# Exercise data
• • • • • • •
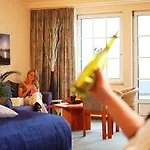 Rheinhotel Vier Jahreszeiten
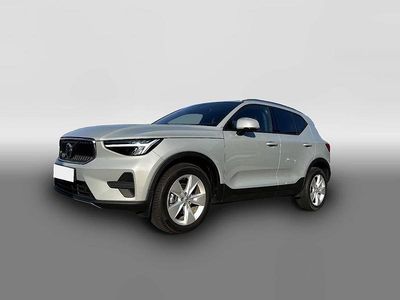 Gebraucht Volvo XC40 Core 129 PS (94 kW) 2023 Grau SUV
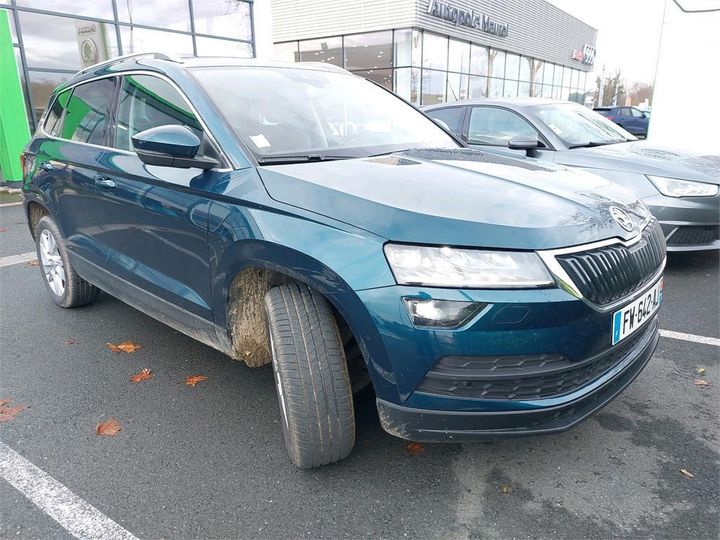 Photo 5 VIN: TMBJJ7NU6M5022938 - SKODA KAROQ 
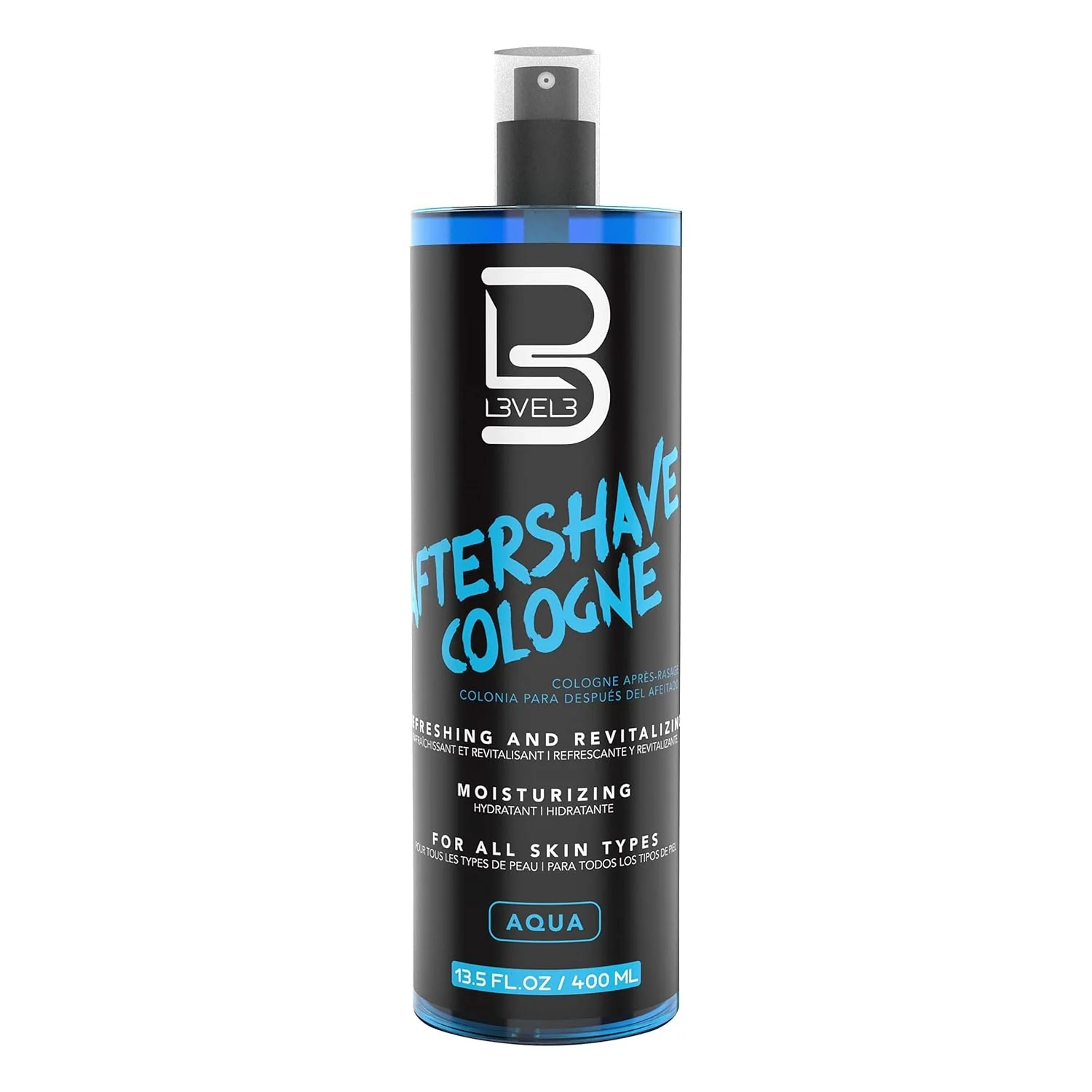 After Shave AQUA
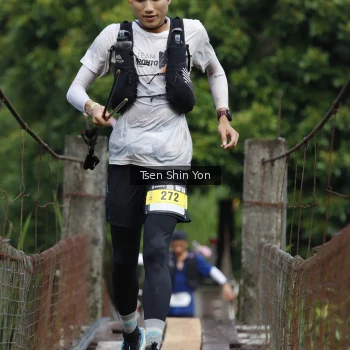 Runner Photo 59931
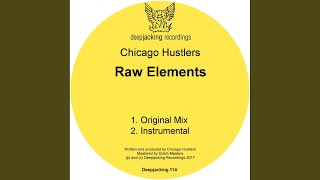 Raw Elements (Original Mix)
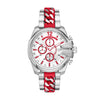 Diesel DZ4628 Baby Chief Chronograph Bracelet Watch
• • • • • • •
# Task objective
Could you write out exactly the lines from the line containing "Gebraucht Volvo XC40" to the end of the material, and nothing else? No pictures belong in the copy.

# Response to this task
 Gebraucht Volvo XC40 Core 129 PS (94 kW) 2023 Grau SUV
 Photo 5 VIN: TMBJJ7NU6M5022938 - SKODA KAROQ 
 After Shave AQUA
 Runner Photo 59931
 Raw Elements (Original Mix)
 Diesel DZ4628 Baby Chief Chronograph Bracelet Watch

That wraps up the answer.